Partnerships and economies of scale are necessary for this to be achieved. Huygens ING is very interested in partnerships with the computer science departments of universities, with the IT sector and the creative industry and especially with the KNAW institutes with the prospect of establishing a joint Humanities Centre within the KNAW. The Institute wants to exercise as great a power of attraction as possible on young, talented and ambitious researchers; it aims to be a creative melting pot in which knowledge and unorthodox ideas from different disciplines are brought together. The Humanities Centre can play a major role in this aim.
Huygens ING is striving not only to achieve good research results, but also to be socially useful. We are here for, and work with, fellow researchers, the education sector, the business community, the media, the heritage sector and everyone who has a need for new and reliable knowledge about Dutch culture and history. Such knowledge promotes participatory citizenship and identity awareness and contributes to a stable and “intelligent” society.
The works produced by Huygens ING take many forms, including: traditional articles for journals and monographs, and digital editions, websites, databases, tools, serious games and telephone apps. We also aim to be experimental and innovative in terms of dissemination. We are well aware that digital products require a solid, low-maintenance and sustainable digital infrastructure that is seamlessly aligned with national and international infrastructures.

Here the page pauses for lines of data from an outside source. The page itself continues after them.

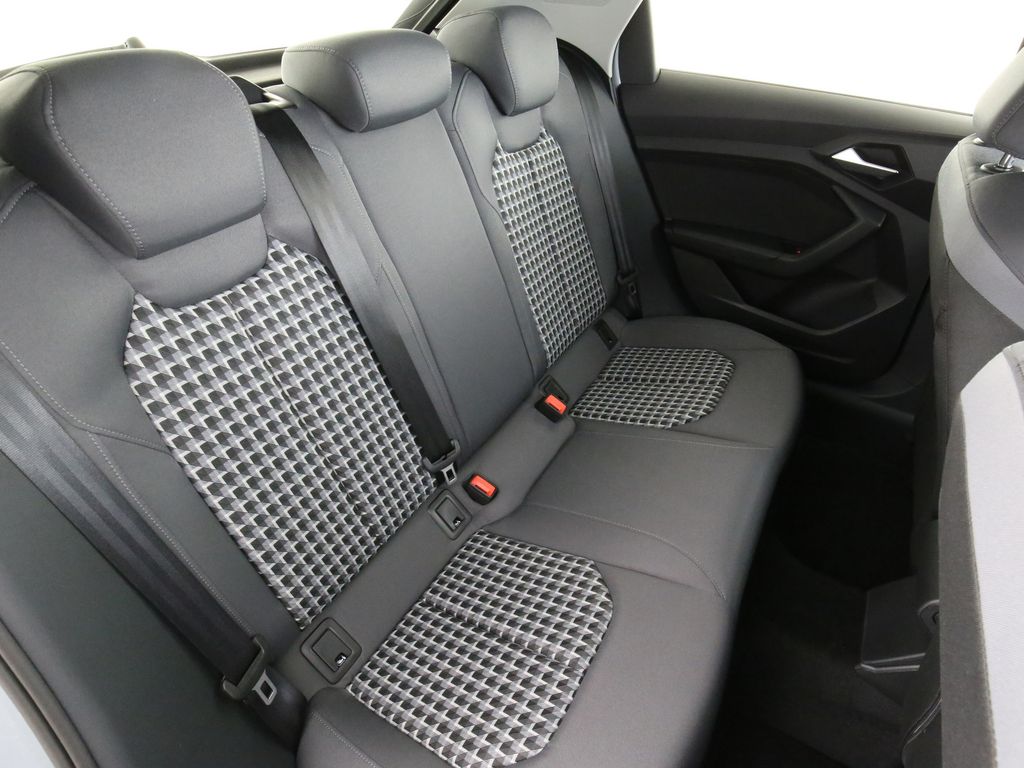 Audi A1 2025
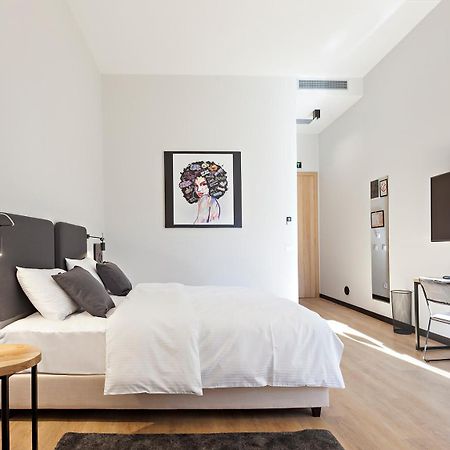 Kombinat Rooms City Center Novi Sad Quarto foto
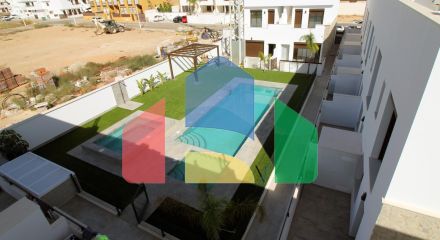 Современные таунхаусы и двухквартирные дома в Пилар-де-ла-Орадада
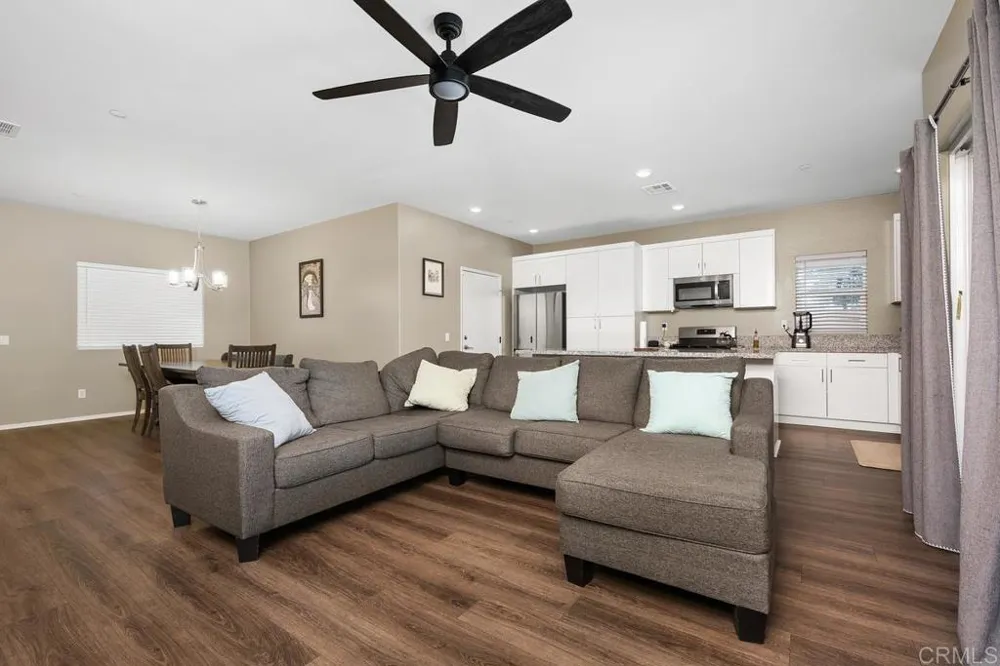 475 W Camellia Way San Jacinto, CA 92583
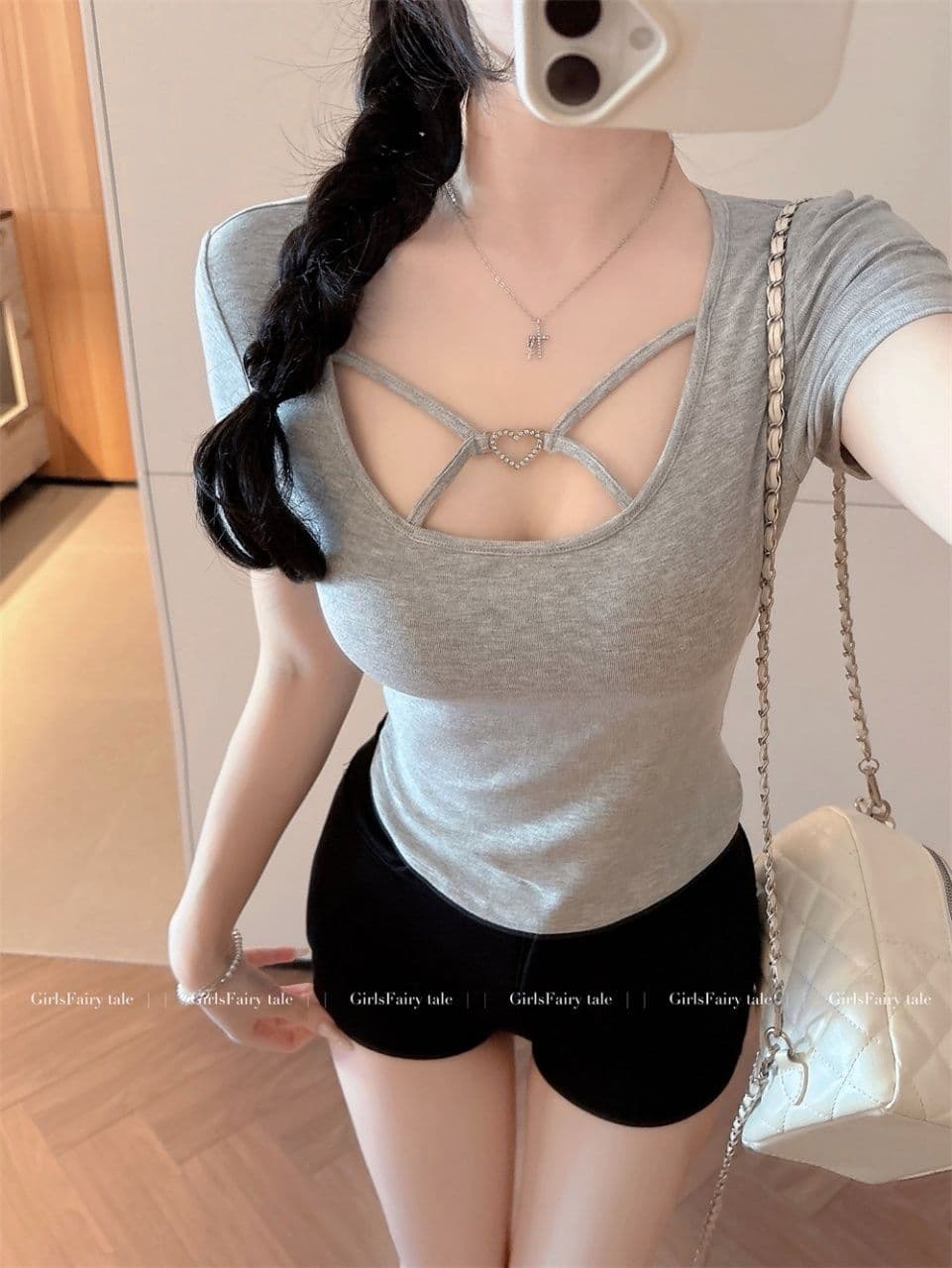 섹시함 홀로우 아웃 십자가 광장 칼라 반팔 티셔츠 여성 여름 새로운 핫걸 바람 몸매 가꾸기 슬림해 보이는 고유 한 아름다운 맨위 상세 이미지 27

What particularly distinguishes a KNAW research institute like Huygens ING from universities is its pure focus on research, in an environment with as little bureaucracy as possible, with the flexibility and short lines that make it possible to respond with lightening speed to new developments. The physical clustering of researchers with diverse expertise that is rare elsewhere, stimulates a constant, informal exchange of ideas so that new ideas can be implemented quickly. The capacity to construct and maintain a digital infrastructure for the long term also sets the Institute apart. The KNAW is aware that it has a role to play in this respect and Huygens ING wants its own role to be an instrumental one.